Biofuel production
Experts on agro-economics say biofuel production is largely responsible for the current rise in food prices.
The crisis, according to them, is not going to end unless the rich countries change their energy consumption patterns.
Official statistics show that about 20 percent of U.S. corn, amounting to about 81 million tons, was used to produce alternative fuel in 2007, accounting for almost twice the annual growth in world grain consumption.
The European Union is implementing its own biofuel targets, planning to have 10 percent of its fuel supplied by biofuels in 2020.
The International Monetary Fund has said that almost 50 percent of the increased global demand for food has been triggered by wealthier countries' craze for biofuel production.
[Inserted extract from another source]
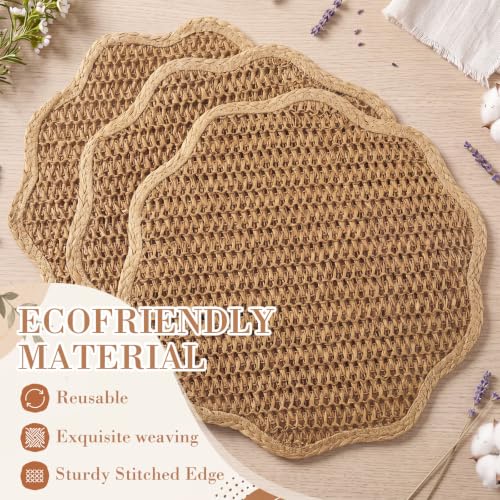 Gandeer 24 Pcs 13-Inch Brown Scalloped Woven Paper Placemat - Wavy Border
Making 50 liters of ethanol requires 232 kg of corn, which can feed a child for a whole year, United Nations experts reckon.
If developed nations were to stop biofuel production this year, it would lead to a 20 percent decline in corn prices and a fall of about 10 percent in wheat prices within the next two years, according to the International Food Policy Research Institute, a think tank in Washington, D.C.
British Prime Minister Gordon Brown has already sounded a retreat on biofuels.
He said that Britain would reconsider how far it was prepared to sign proposals for a tenfold increase in the use of biofuels by 2020, in response to fears that they are causing the global food crisis.